Last weekend, President Obama and the administration reached an agreement with Iran on its nuclear program. While I certainly believe that diplomacy is the preferred method to negotiate with Iran, this deal is shameful. It undermines our diplomatic goal to reach an agreement that permanently halts Iran’s uranium enrichment program. Any deal must include swift and decisive action that forces Iran to completely abandon its crusade to acquire nuclear weapons. The negotiated agreement falls far short and allows an untrustworthy regime to maintain the tools and materials necessary to implement nuclear weapons, putting our nation and our allies at risk.

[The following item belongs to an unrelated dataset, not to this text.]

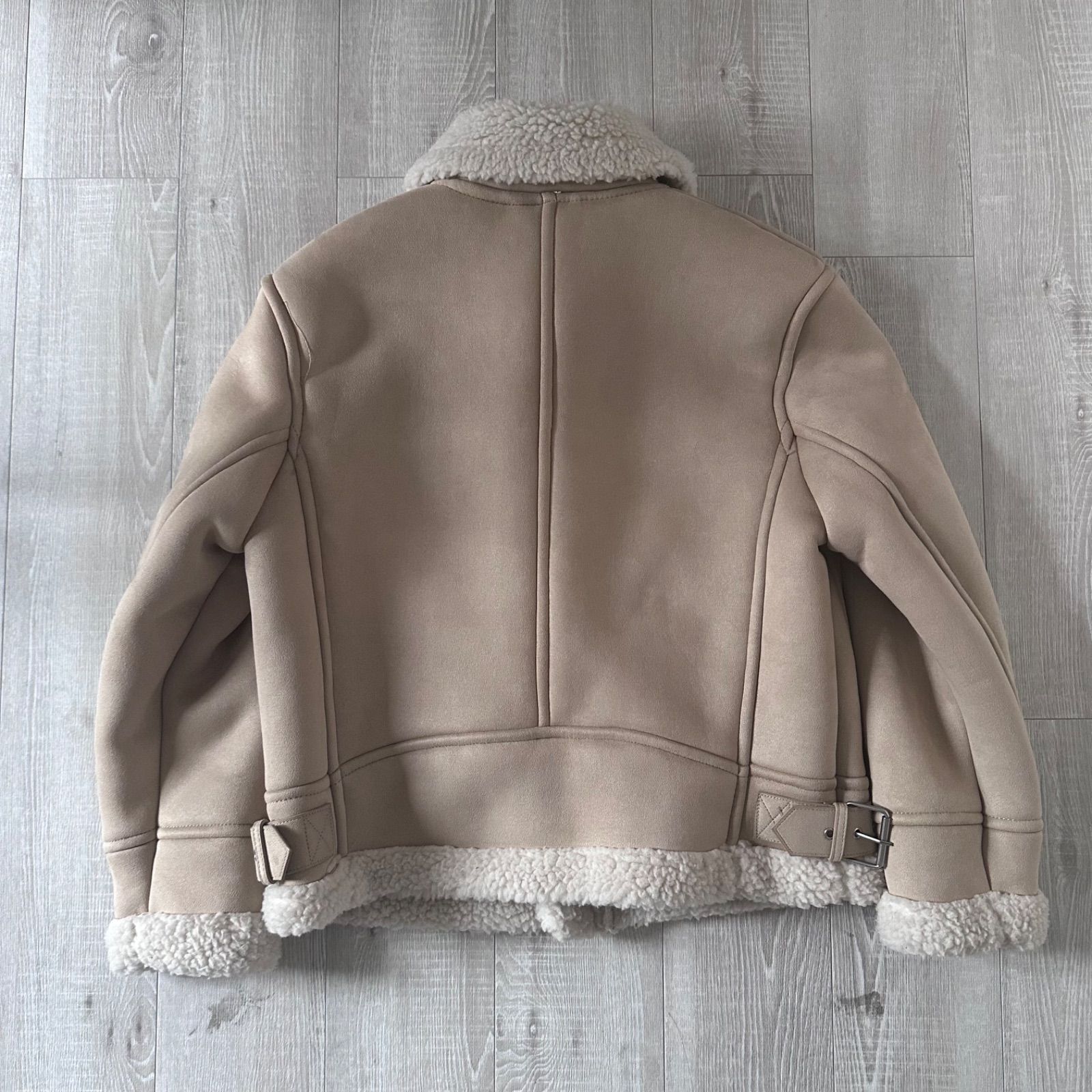 ZARA ムートンジャケット ベージュ メンズ サイズ42 - メルカリ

This shortsighted deal guarantees no new penalties on Iran for the next six months and relieves numerous existing sanctions, reducing our leverage in exchange for a mere temporary delay to Iran’s nuclear weapons capability. Further, the agreement allows Iran President Hassan Rouhani and his regime to operate centrifuges and to continue uranium enrichment levels at 5 percent. Recognizing Iran’s decision to continue pursuing nuclear technology gives this dishonest regime the ability to rapidly enrich uranium to levels needed for a nuclear arsenal in a short period of time. We must not give a dangerous regime with a penchant for terrorism and extremism the capability to build a weapon before the world can react. A nuclear equipped Iran is the most dangerous threat to Israel and the stability of the Middle East.
The United States occupies a unique place in the world that allows us to advocate for peace, democracy and freedom. This position is backed by our commitment to these principles at home, but is also tied to our ability to take a leadership role through the use of our economic, political and military power. Negotiations like this require serious discussions about our policy in the Middle East, not a unilateral decision by President Obama and his administration that weakens our national security and threatens our allies. Our ability to maintain peace in the region hinges on our ability to dismantle Iran’s nuclear arsenal. We have made tremendous strides forward in bringing Iran to the negotiating table, thanks in part to the very sanctions that the administration is trying to eliminate. Reducing sanctions now merely rewards bad behavior and fundamentally halts the progress we’ve made.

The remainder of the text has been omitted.